While it is true that India tolerated a variety of cultural norms amongst its many people before the British, practices like those you mention were fringe practices and by no means mainstream. It was Indian reformers like Ram Mohan Roy who asked for British for help in removing them. The British being the much stronger party do deserve credit for heeding these demands, but in relation to the widespread damage Indian industry suffered under them, these were things that made for good press rather than something that bought about a systematic positive change. It was only after the 1857 war/mutiny fought by the Indians which ended the 257 year old East India Company that Indians were given greater share and responsibility in self governance. Not doing that would have been a fundamentally unstable government system. This very limited civil governmant participation is what eventually grew to a movement which led to independance. You only need to read the writings of Lord Curzon to see that the British never intended to leave India and on the contrary wanted to expand their control over China and Japan as well.

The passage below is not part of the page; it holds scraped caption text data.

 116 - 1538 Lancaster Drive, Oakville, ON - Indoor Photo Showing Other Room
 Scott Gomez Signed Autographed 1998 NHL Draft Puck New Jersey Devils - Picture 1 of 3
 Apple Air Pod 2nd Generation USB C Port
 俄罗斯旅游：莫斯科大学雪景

The British don't deserve the sole or even major credit for the cultural changes you talk about. Reformers like Rajaram Mohan Roy, Vivekananda, Gandhi, Ambedkar deserve most of the credit. Cultural changes can not simply be forced by external forces. The British just wanted to organize the Indian society the way they idealized so that they could reap the surplus.

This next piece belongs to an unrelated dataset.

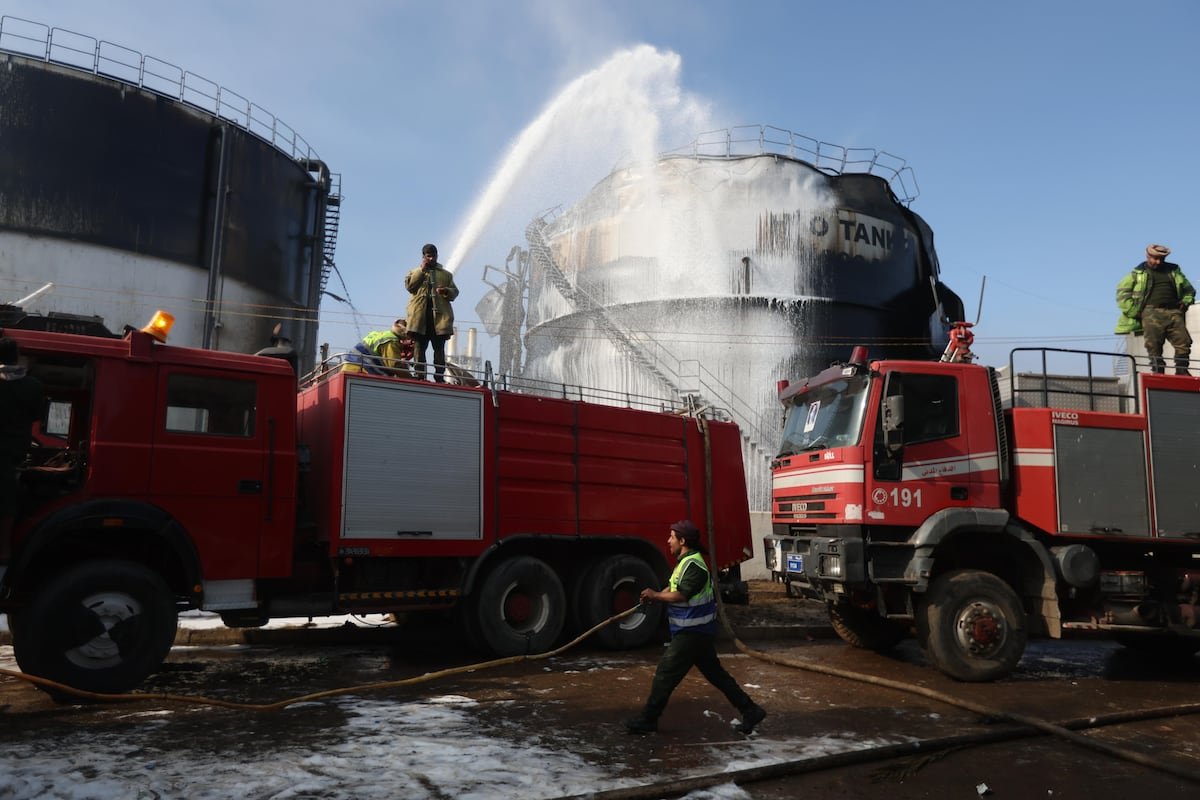 Israel ataca por primera vez la capital de Yemen tras el impacto de un misil balístico de los hutíes en el área de Tel Aviv | Internacional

The India of today would be unrecognizable from British India. Many former British colonies in Africa continue to be only slightly better than Somalia. You are giving the Raj too much credit.
>India's per capita GDP decreased from $550 in 1700 to $520 by 1857, although it had increased to $618 by 1947
I'm not sure whose dollars those are... but it certainly doesn't sound like the Mughal empire ever controlled anything remotely approaching 30% of world GDP. Here's how the British won India, for reference:
these early wins were against muslim rulers who did not have that much support of their majority populace because of taxation issues and also suffered from lost revenues due to the new trade routes.
the hardest wars were against the hindu/sikh rulers - marattas, rajputs and sikhs who were not subdued until 1850s with great effort.
The difference is that the British, instead of killing the "lower races", sought to reform them with what history indicates was a genuine sense of altruism among British Empire-builders.
Hitler put the minorities in gas chambers.
England invited minorities to Oxford and taught them everything they knew.
> The difference is that the British, instead of killing the "lower races", sought to reform them with what history indicates was a genuine sense of altruism among British Empire-builders.
The Empire understood that collaborative local elites were beneficial for the plundering of the colonies, and where necessary, it invested in them. That's all.
You can find cynical explanation for every act of altruism if you want to. Bottom line is there were plenty of powerful British idealists and humanists with a vision for the world who acted to help the colonies at Imperial expense.